The president said, "In the interview some of you saw, some of the Nigerians said they were being sold like goats for few dollars for years in Libya.
"Now after 43 years of Gaddafi where he recruited so many people from the Sahel including Nigeria and so on, all they learnt was how to shoot and kill.
"They didn't learn to become electricians, plumbers or any other trade. So, when the Libyans stood against their leader those who are not their people, they chased them out.
"A lot of them came back home with their workers, some of them participated in Boko Haram and become part of Boko Haram.
"So, I'm telling you that our major problem as we have identified is still the security of the country. We have done much better everybody is saying it.
"We are doing our best and the leadership at all levels are doing their best and the problem we are having with those who are being indoctrinated and are hurting our people, blowing up people in mosques, churches, marketplaces, motor parks, this is absolute madness.
"No religion advocates violence, all religion advocate justice from your home, town, household to whatever you become, Justice is the basic thing all religion demand it as you can't go wrong if you do it.
"Whenever Nigerians are identified especially in Libya and so on, we hope to evacuate them back home and then rehabilitate them because the indoctrination is what is happening with the Boko Haram where girls will strap themselves mostly from the ages of 15 downwards and go to the market blow themselves up and anybody around in motor parks, mosques, churches and so on."
On Tuesday evening, 242 deportees returned to Nigeria from Libya after a CNN investigation uncovered a dehumanising slave trade where Africans sell for as much as N145,000 ($400).
UN Secretary-General, Antonio Guterres, described the slave auction footage as "the most egregious abuses of human rights and may amount to crimes against humanity."
It has also been condemned by Libyan Deputy Prime Minister Ahmed Metig, Guinean President and African Union (AU) Chairman, Alpha Conde, Nigerien President Mahamadou Issoufou, and the Senegalese government.
Burkina Faso also recalled its ambassador to Libya with President Roch Marc Christian Kabore demanding information from the Libyan government about the fate of some 30 Burkinabe migrants detained in the camps.
President Buhari's Senior Special Assistant on Foreign Affairs and Diaspora, Abike Dabiri-Erewa condemned the slave auction in a press statement on Monday, November 20.
She described it as "totally unacceptable, despicable, and inhumane and should be condemned by anyone who is human and has blood running through their veins."
How the modern slave trade works in Libya
Libya has been a hotbed for illegal migrants for years now as it serves as the transit hub to the Mediterranean which connects to Europe. Every year, migrants embark on the perilous journey across the sea to escape the economic and/or political uncertainties in their countries of origin.

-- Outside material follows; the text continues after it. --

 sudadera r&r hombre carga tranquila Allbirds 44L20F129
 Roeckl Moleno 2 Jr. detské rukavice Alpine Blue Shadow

According to Missing Migrants, an organization that tracks deaths along migratory routes, at least 2,985 people have died trying to cross the Mediterranean from North Africa or the Middle East in 2017 alone.
However, this has not stopped people from trying to make the journey into Europe to seek greener pastures.
A government crackdown on trafficking has resulted in a drastic reduction in boat journeys which means many are trapped in Libya for a long time waiting for their turn to travel. The migrants are mostly held in connecting houses or detention centres that the smugglers control.
This creates a situation where smugglers are able to exploit the migrants, especially as soon as they run out of money to pay which means they're viewed as properties.
Since most smuggling rings are run by local organised gangs, militias and corrupt security officials in Libya, many victims are trapped in unfamiliar surroundings with captors who are not shy to resort to violent means.
Smugglers are known to blackmail migrants into doing free labour or outrightly selling them to other militias involved in human trafficking. Other times, they hold migrants for ransom and call their families to pay while issuing threats to kill them.
Female migrants are in more danger of being used as sex slaves especially if they don't have anything to pay their captors.